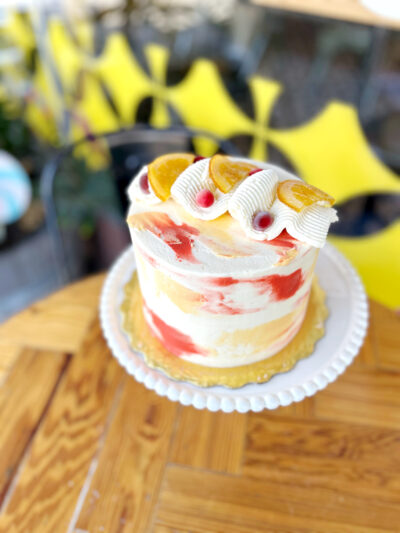 Holiday Cranberry Orange Cake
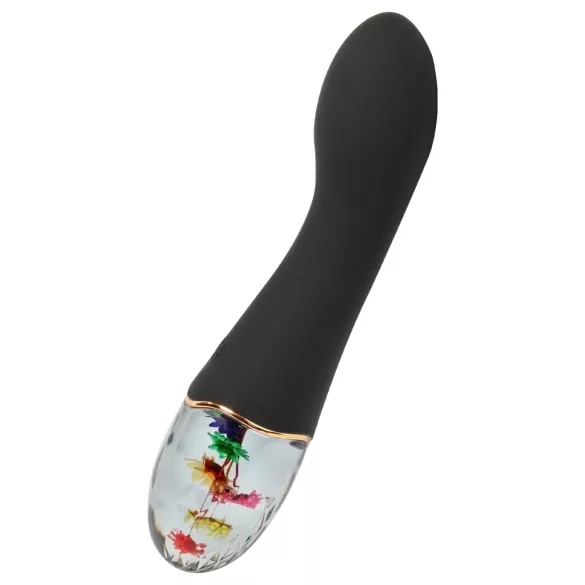 LOVISS Flower Amber - G-punkt vibrator (sort)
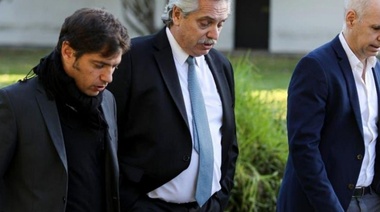 Alberto Fernandéz se reúne con Kicillof y Rodríguez Larreta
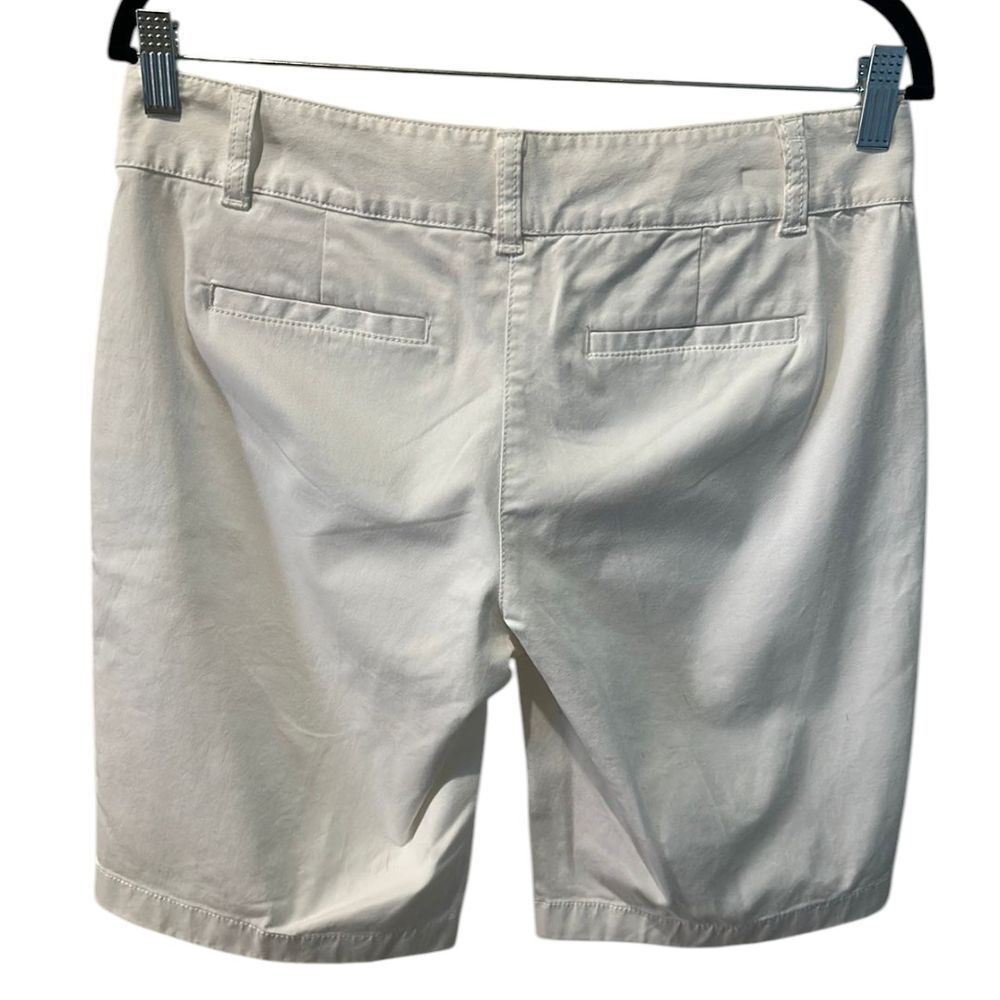 Ann Taylor White Shorts - Haute Poppy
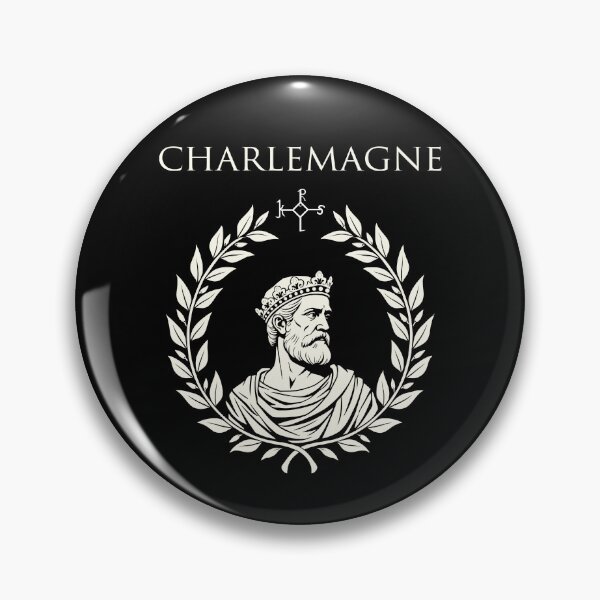 Item preview, Charlemagne Holy Roman Emperor King of the Franks designed and sold by Agema Apparel.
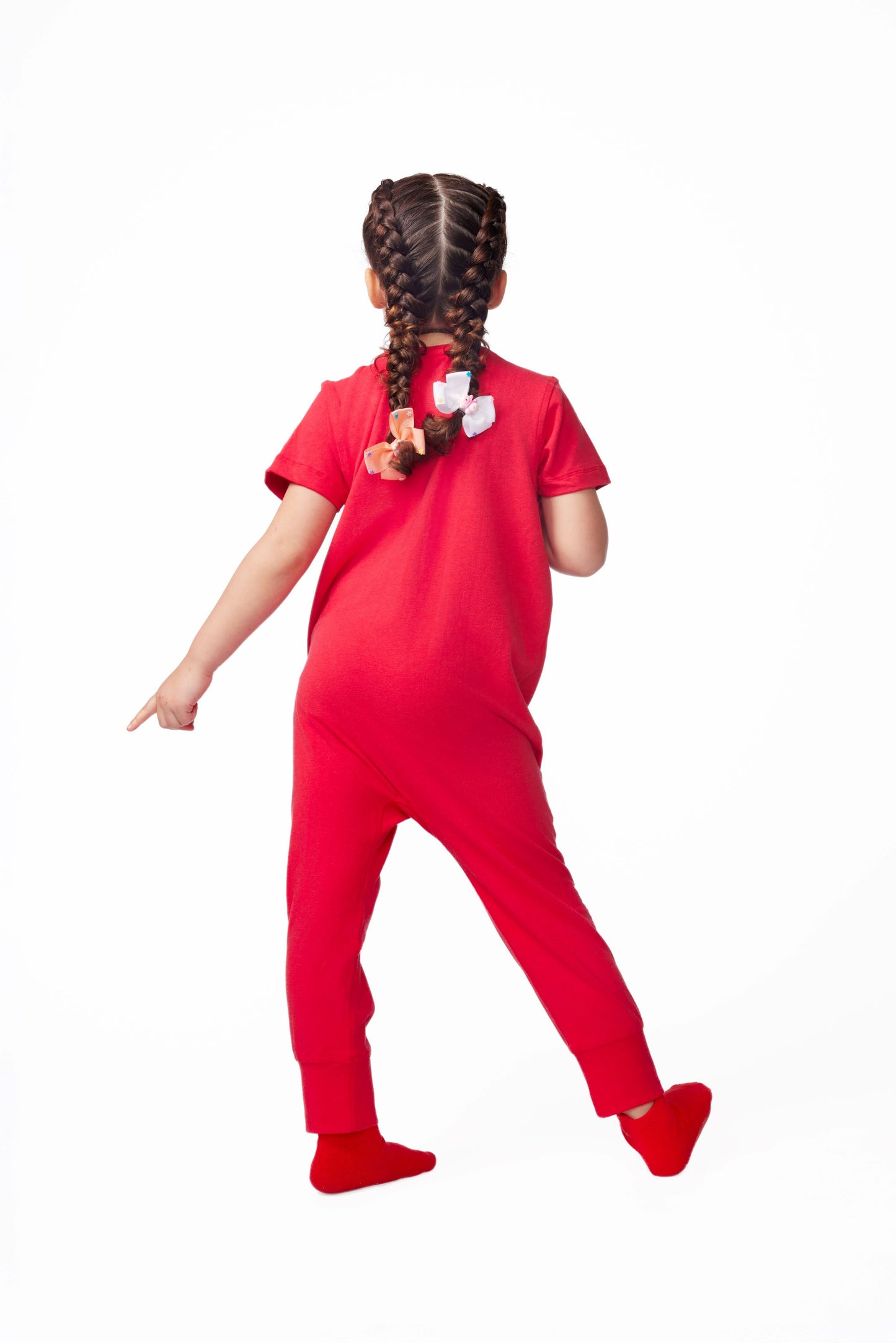 Ultimate Comfort Playsuit-RED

===

Exercise objective: Without any pictures, output the entries above exactly as they appear.

Response to this exercise:
 Holiday Cranberry Orange Cake
 LOVISS Flower Amber - G-punkt vibrator (sort)
 Alberto Fernandéz se reúne con Kicillof y Rodríguez Larreta
 Ann Taylor White Shorts - Haute Poppy
 Item preview, Charlemagne Holy Roman Emperor King of the Franks designed and sold by Agema Apparel.
 Ultimate Comfort Playsuit-RED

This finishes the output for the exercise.